Apesar das soluções elétricas serem muito mais interessantes do ponto de vista da sustentabilidade ambiental, não existe uma única solução perfeita. Segundo Tânia Fontes, a adaptação das estratégias logísticas deve ajustar-se às variáveis de mercado, como o aumento da procura, a sazonalidade e as restrições ambientais. “Estudámos algumas estratégias para as áreas urbanas, com inspiração em grandes empresas de logística. Por exemplo, a atribuição de zonas fixas para os estafetas, permite que estes conheçam bem as suas áreas de trabalho, o que lhes permite criar rotinas, mas também permite reduzir, em simultâneo, os tempos de entrega, aumentando assim a eficiência do processo. E isto também é uma forma de alcançar a sustentabilidade considerando não só a dimensão económica e ambiental, mas também a social”, defende.

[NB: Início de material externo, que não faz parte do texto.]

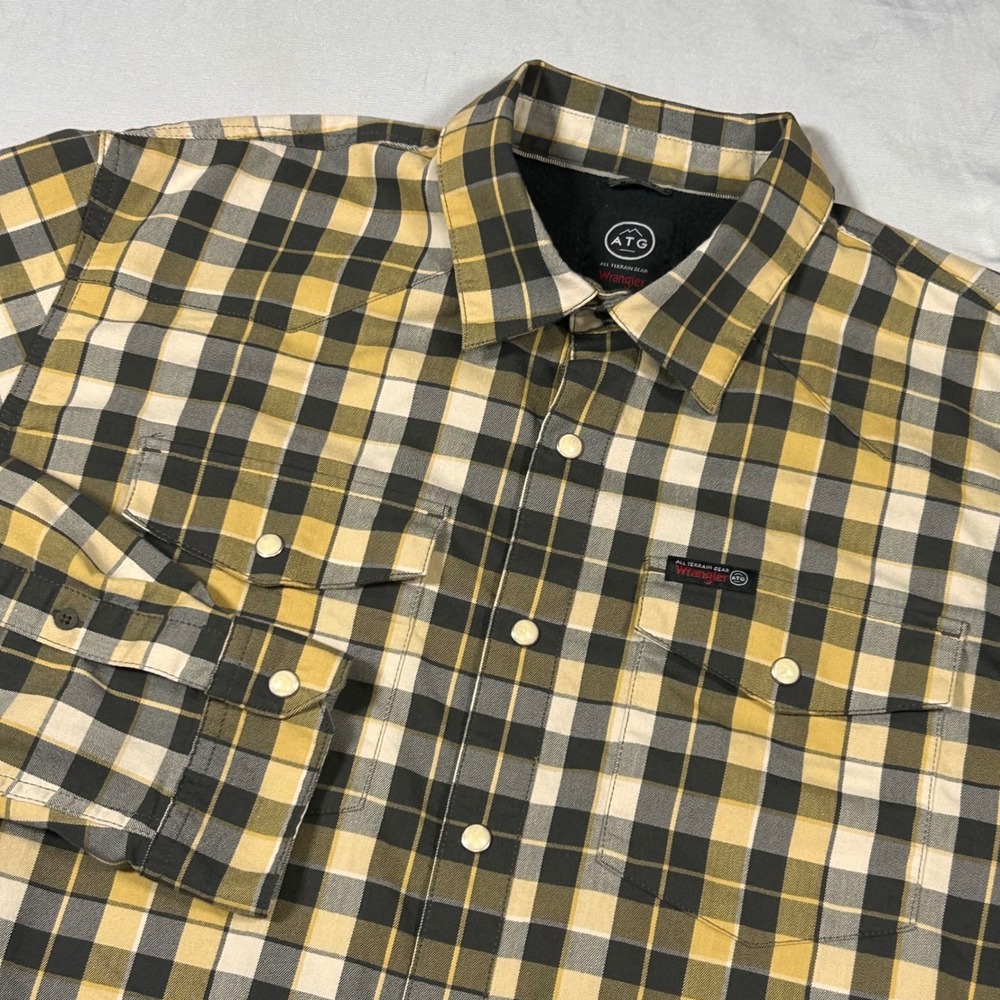 Wrangler ATG All Terrain Gear Men's L Regular Fit Plaid‎ Long Sleeve Snap Shirt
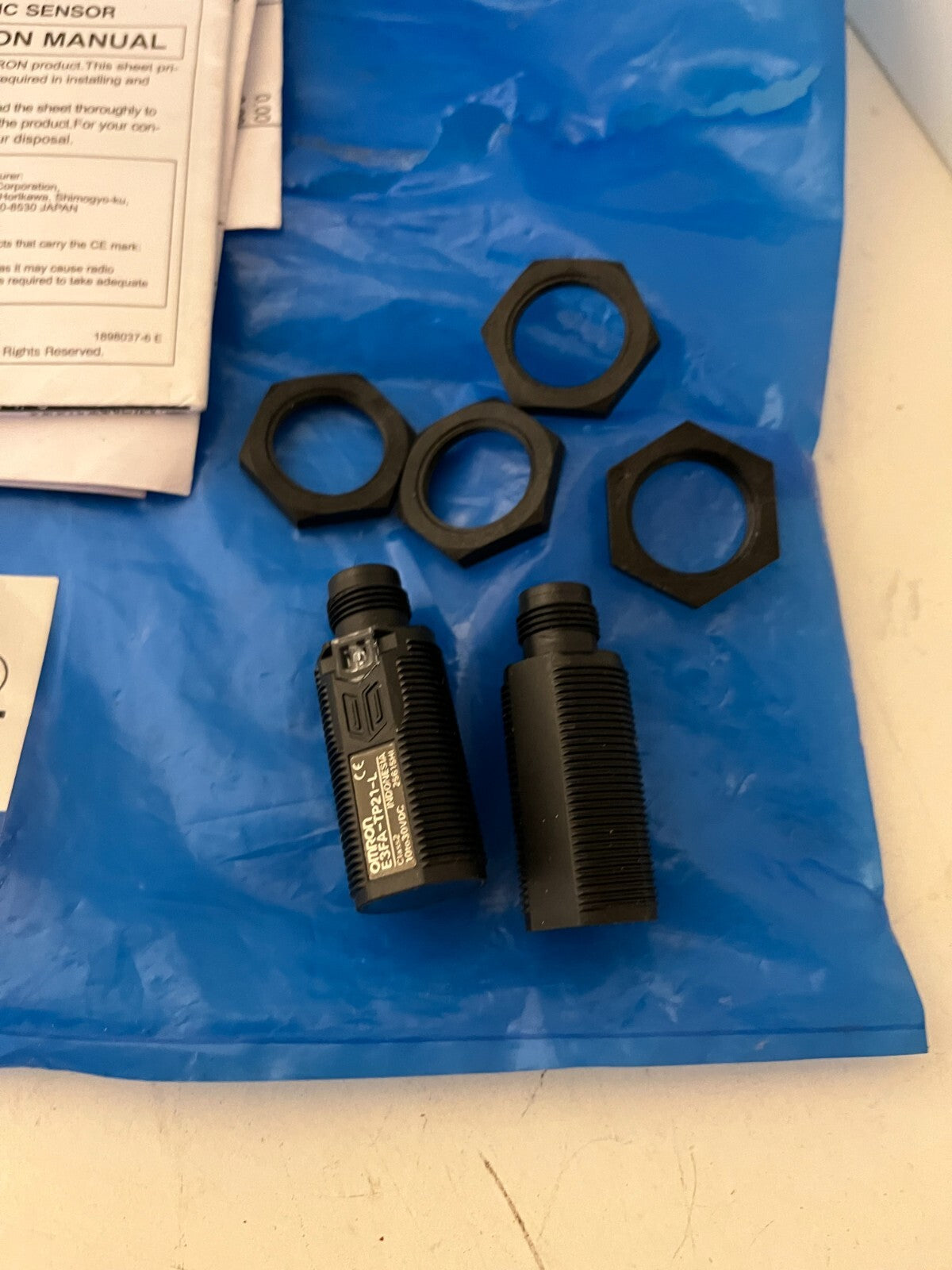 Omron E3FB-DP22 Photoelectric Sensor 10-30VDC M18 New w/ Manual & Mounts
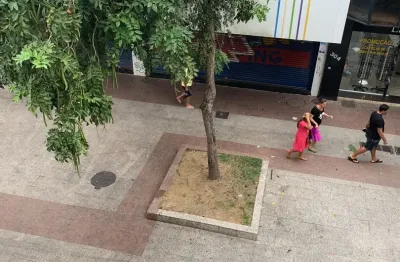 Vendo Centro excelente apto 2 qtos, sala, coz, banh, area, Sem garagem, Macaé/RJ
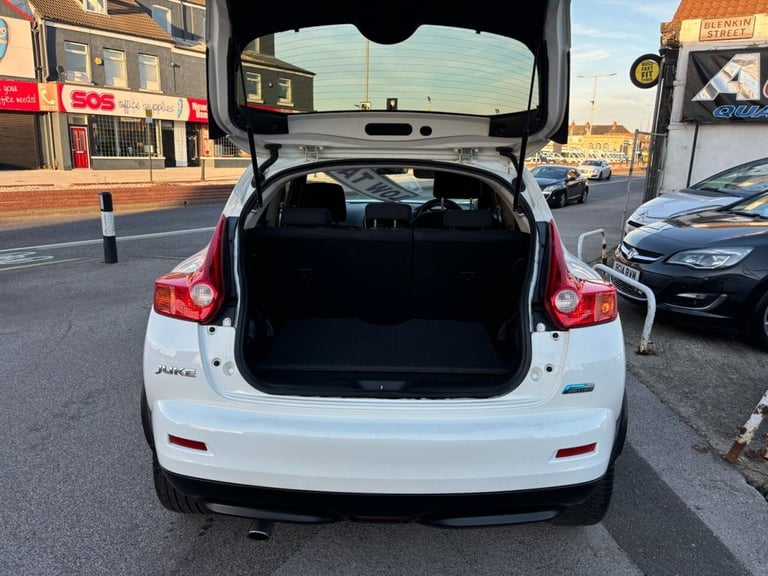 2014 Nissan Juke 1.5 dCi 8v n-tec SUV 5dr Diesel Manual Euro 5 (s/s) (110 ps) HATCHBACK Diesel Ma...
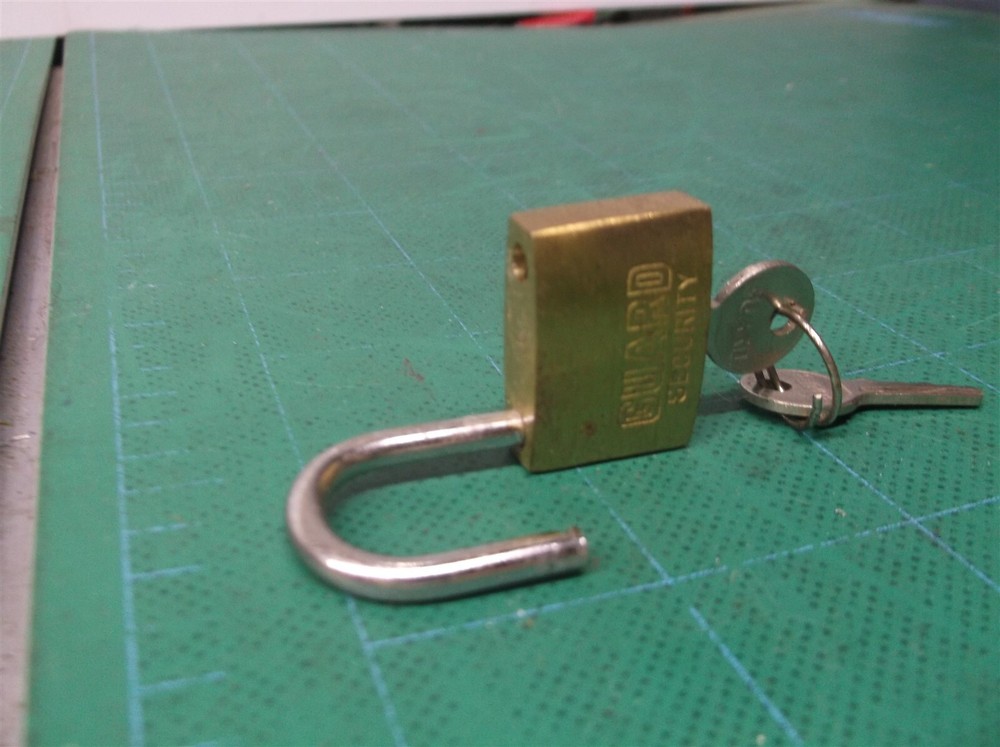 Guard Security High Security Padlock 622 Rust Proof Solid Brass Body 1” 2 Keys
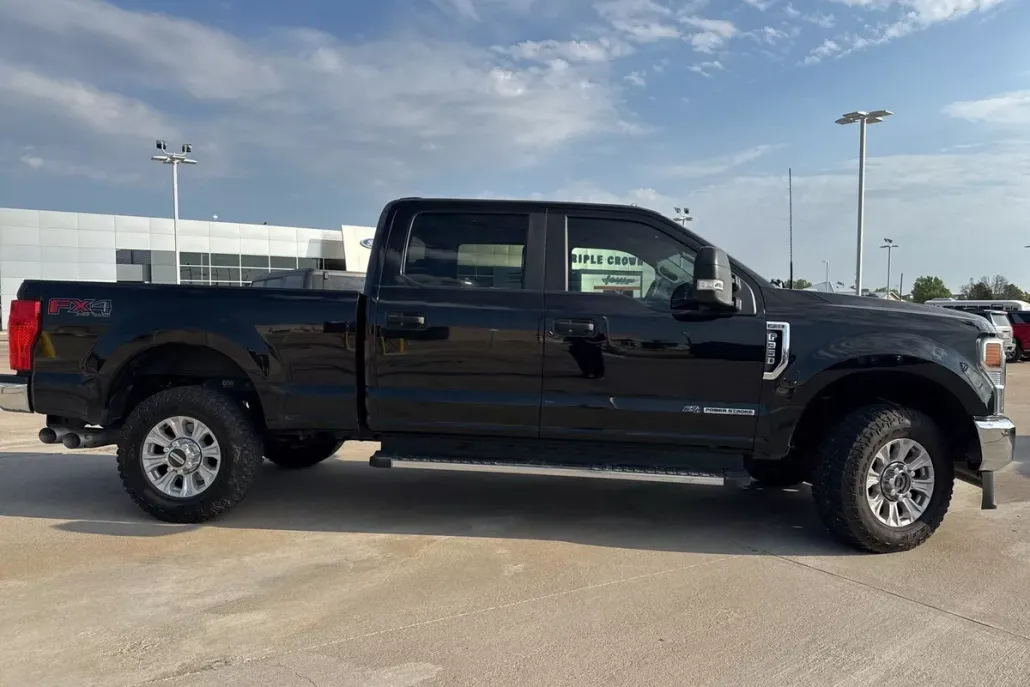 2022 Ford F-350 photo 1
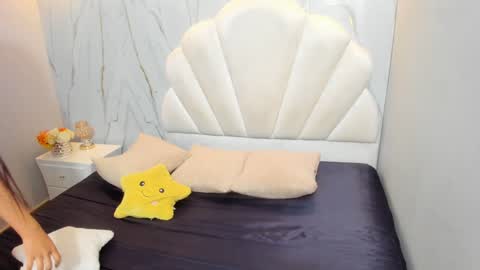 tiffany_sander online show from 25, 1, 2025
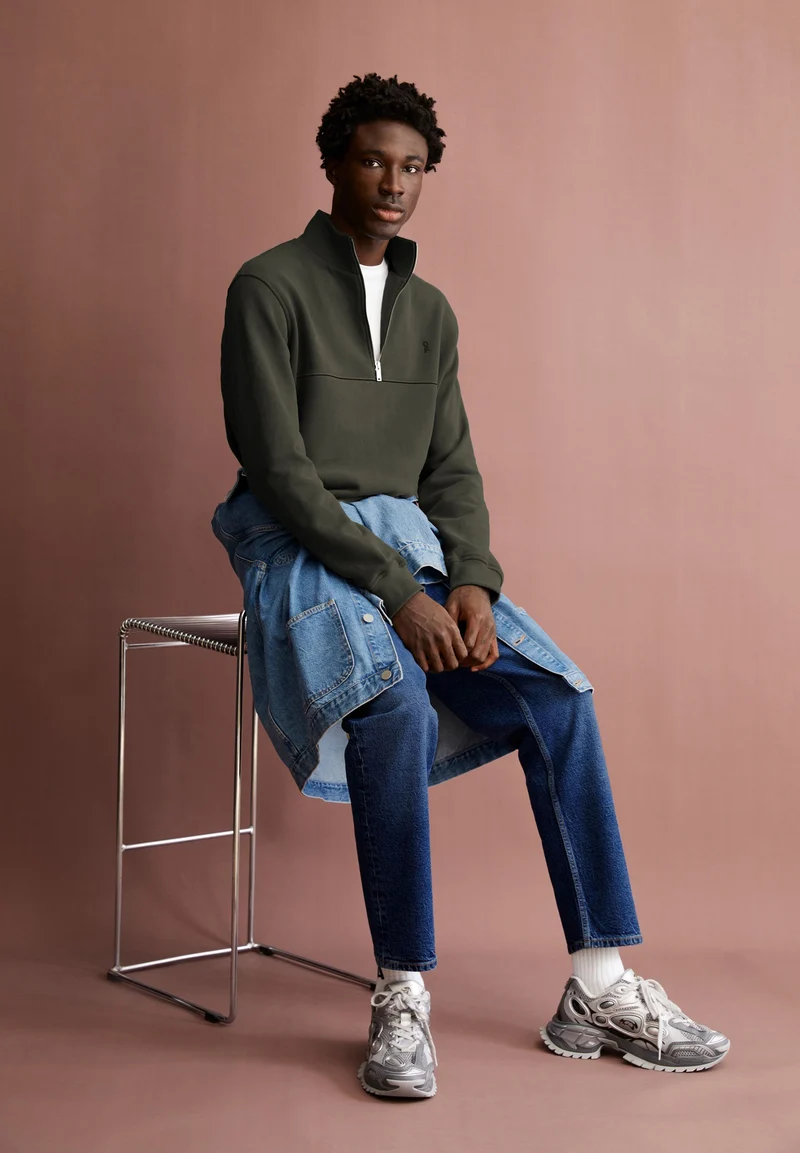 WAARLO FLEECE TROYER | forest pine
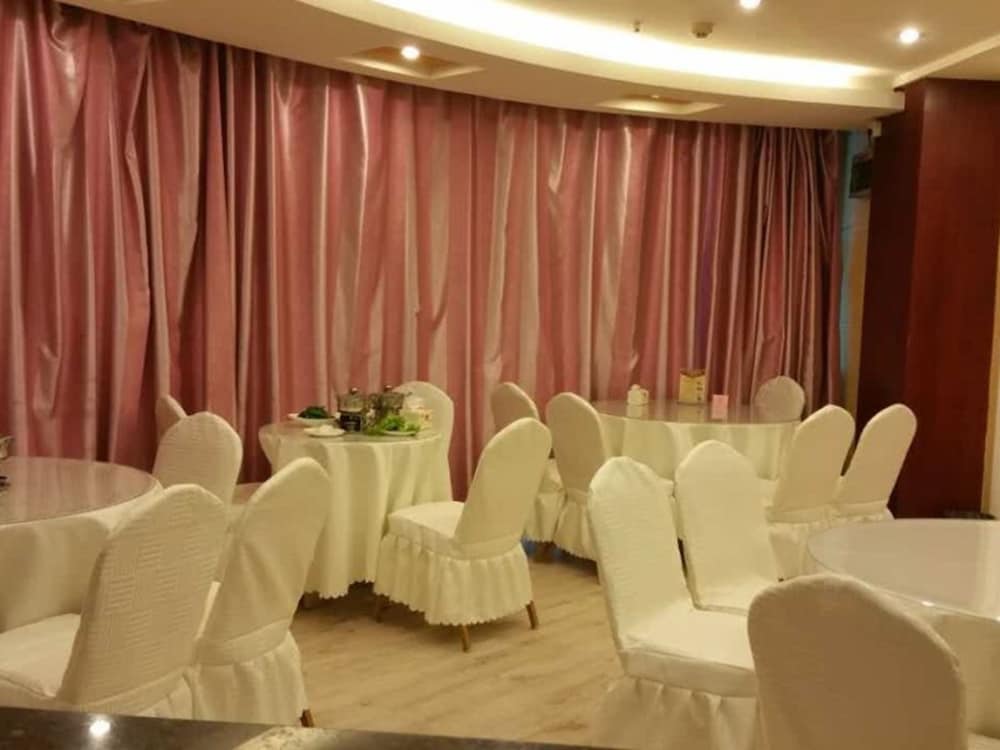 GreenTree Inn Huaian Chuzhou Avenue Zhou Enlai Memorial Hall Hotel - Property Image 7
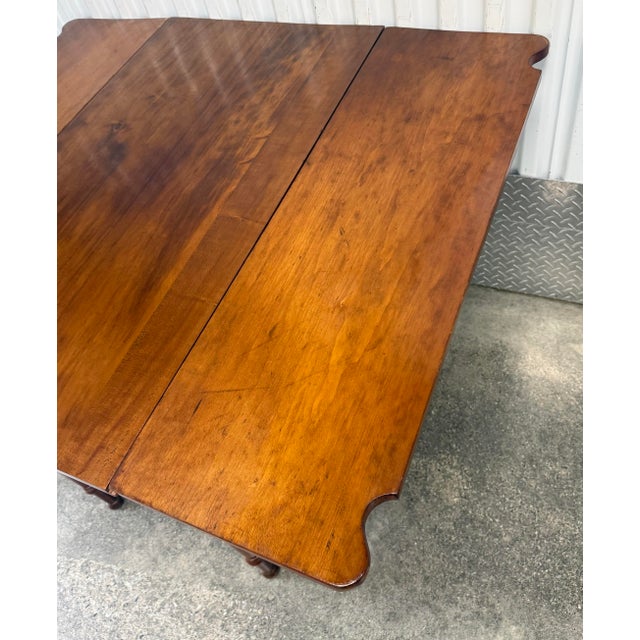 Early 19th Century Solid Cherry Dropleaf Federal Style Table For Sale - Image 4 of 12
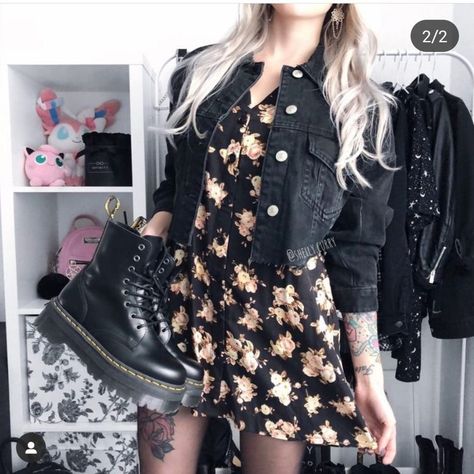 Alternative Fashion Skirts, Dresses With Boots, Indie Outfits Alternative Fashion, Haley Dunphy, Dress Grunge, Floral Grunge, Grunge Jacket, Outfit Grunge, Paris Vacation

O e-LOG propõe ainda algoritmos que permitem monitorizar a localização dos camiões e o tempo de espera durante as entregas, reduzindo “tempos mortos”. “Esta tecnologia, além de melhorar o planeamento, proporciona uma visão detalhada dos locais onde há atrasos na rota, sejam eles na entrada de fábricas ou empresas, nas zonas de parqueamento, ou na própria estrada” esclarece Tânia.
O certo é que as compras online continuam a crescer e a logística terá de se adaptar, procurando soluções alternativas no caminho para a sustentabilidade. Será que ainda vou a tempo de apanhar o autocarro e fazer as minhas compras na loja física?
Com todas estas inovações e tecnologias à nossa disposição, a questão já não é apenas se vamos apanhar o autocarro, o comboio ou o metro, mas quais as alternativas mais acessíveis, sustentáveis e eficientes. Última paragem? Cidades cada vez mais inteligentes.
[1] A MUBi – Associação pela Mobilidade Urbana em Bicicleta criticou recentemente o baixo investimento governamental para 2024, apontando que apenas 1 milhão de euros foram alocados, quando países como a Irlanda investem esse valor diariamente em medidas semelhantes.
[2] Dados recolhidos no Anuário Estatístico da Mobilidade e dos Transportes do IMT.